Getting the players fit and ready to play a game though is a completely different challenge the management team have to try and navigate as well.
“By the time August comes, the players will have not played football for six months,” assistant manager Kevin Haynes noted. “We can’t just throw them into a normal six week pre-season that we’ve done every other year.
“It’s got to be different, this year has to be different because if you throw them into a hard six weeks after six months out, there’s going to be injuries. We’ve factored in a couple of weeks to kind of get the boys back and do low intensity stuff, more tactical stuff just to ease them back in.”
The club’s 2020/21 plans have been helped by a number of key players from last season choosing to remain at the club. Their resigning has meant that there is less of the upheaval of last summer.
“Nothing could be any harder than the first two or three months were last year,” Little said. “Just before this [COVID-19] put a stop to the football, the last three weeks or so, we got a rough idea of the squad and how we wanted to play. We’ve got just the five or six new players so it’s definitely going to be easier for us.
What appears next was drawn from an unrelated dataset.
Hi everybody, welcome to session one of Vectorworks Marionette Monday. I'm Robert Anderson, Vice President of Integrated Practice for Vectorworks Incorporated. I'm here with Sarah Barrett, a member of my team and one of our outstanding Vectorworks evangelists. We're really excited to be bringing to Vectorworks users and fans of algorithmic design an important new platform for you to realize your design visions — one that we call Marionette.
I think we’re a step or two in front of ourselves from what we were last year.”
“I think what makes it easier as well,” Haynes added, “was that last summer, Ian and I had to learn 18 or 20 players’ characters because we didn’t know them. We signed boys and we didn’t know them and a lot of them were almost signings on recommendation because we needed players.
“Now we’ve carried ten over so that’s ten we don’t need to learn about and ten we already know.”
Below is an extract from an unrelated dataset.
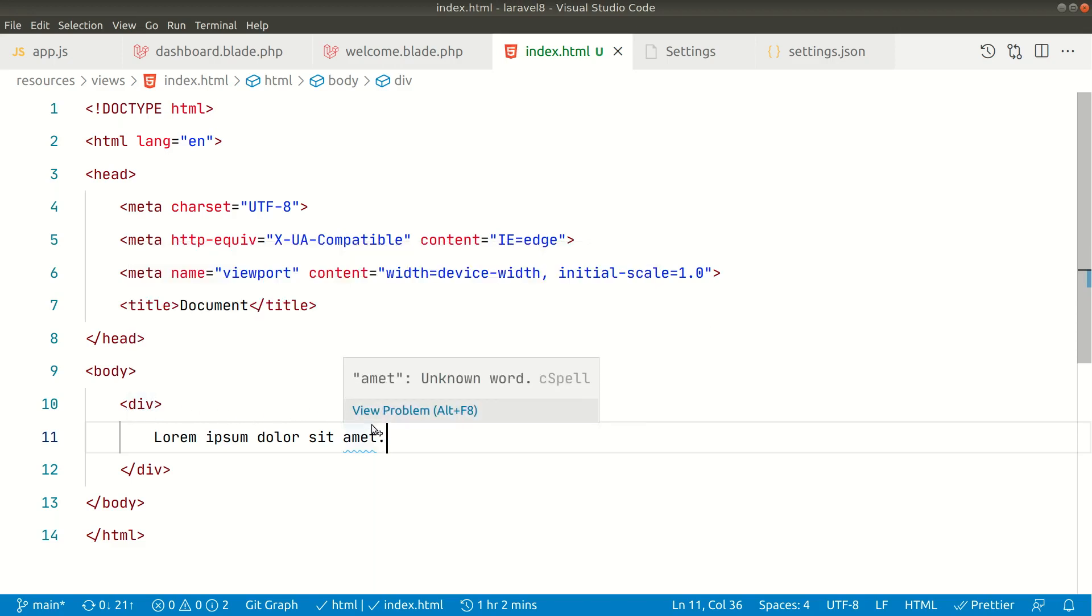This feature is present in VS Code by default but it is not enabled because it does not support all languages, so that's why it is disabled by default.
“Realistically, you [Haynes] and the gaffer know now who needs an arm round them,” Smith said, “and who needs a rollicking. You get to know boys inside out – who needs spoken to more; who maybe doesn’t take as much on board – so the boys we’ve kept on is that we know them inside out.”
The return to training will also see how each player has coped with staying in shape during the lockdown period. The club recently announced a partnership with PlayerData, who will provide the first team squad with GPS vests that can track their performance during training and matches and allow management to see how the players are doing remotely. Ian Little noted there’s now nowhere to hide for those not putting in the work.
“The important part is making sure the boys don’t come back unfit. If some boys come back unfit then it shows us what kind of character they have, what kind of professionalism they’ve got. They’ll be on a sticky wicket then.”
Kevin Haynes added: “They all seem to be fit. I’ve had a couple of reports that some of the boys had gotten together and were running some sessions. I got a report that Jack Cook was running the beaches in Dunbar so they are all still fit, having a bit of craic with each other and seem not to be sick of each other which is good.”
Despite all of the planning and all of the preparation though, one question still remains for Berwick Rangers ahead of their return to training: who won Kevin Haynes’ quiz?
“I won, Darren was second then I think it was Calum Smith.” Haynes said.
“Calum Smith cheated,” Darren Smith fumed, “100%.”
“Never trust a footballer,” Little added, “they all cheated.”
“Aye, you’ll not get the same answer on the winner from anybody.”
So no clear winner on the quiz front. What is clear is that players and management are ready to get back to football.